* **Work order**
From the listing below, give again exactly the lines from the line with "与疯批魔尊互换，他强吻上瘾小说结局" to the line with "Ternyata Begini Cara", ends included, without any pictures.

* **Information provided**
------------------------------------------------
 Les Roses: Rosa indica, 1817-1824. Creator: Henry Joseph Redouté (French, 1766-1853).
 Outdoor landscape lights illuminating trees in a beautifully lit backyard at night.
------------------------------------------------
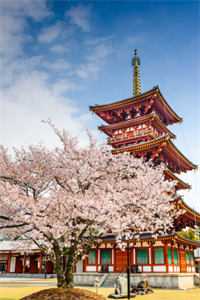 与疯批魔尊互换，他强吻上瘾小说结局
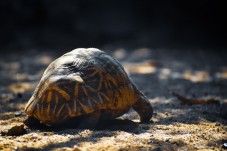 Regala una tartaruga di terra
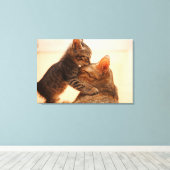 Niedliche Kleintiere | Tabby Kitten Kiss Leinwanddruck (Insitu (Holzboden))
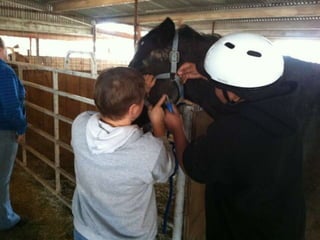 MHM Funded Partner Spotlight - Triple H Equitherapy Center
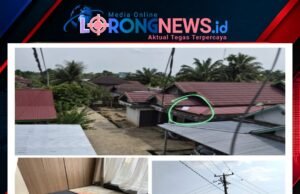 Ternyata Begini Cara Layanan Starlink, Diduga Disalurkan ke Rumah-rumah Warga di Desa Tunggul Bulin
------------------------------------------------
* **Solution**
 与疯批魔尊互换，他强吻上瘾小说结局
 Regala una tartaruga di terra
 Niedliche Kleintiere | Tabby Kitten Kiss Leinwanddruck (Insitu (Holzboden))
 MHM Funded Partner Spotlight - Triple H Equitherapy Center
 Ternyata Begini Cara Layanan Starlink, Diduga Disalurkan ke Rumah-rumah Warga di Desa Tunggul Bulin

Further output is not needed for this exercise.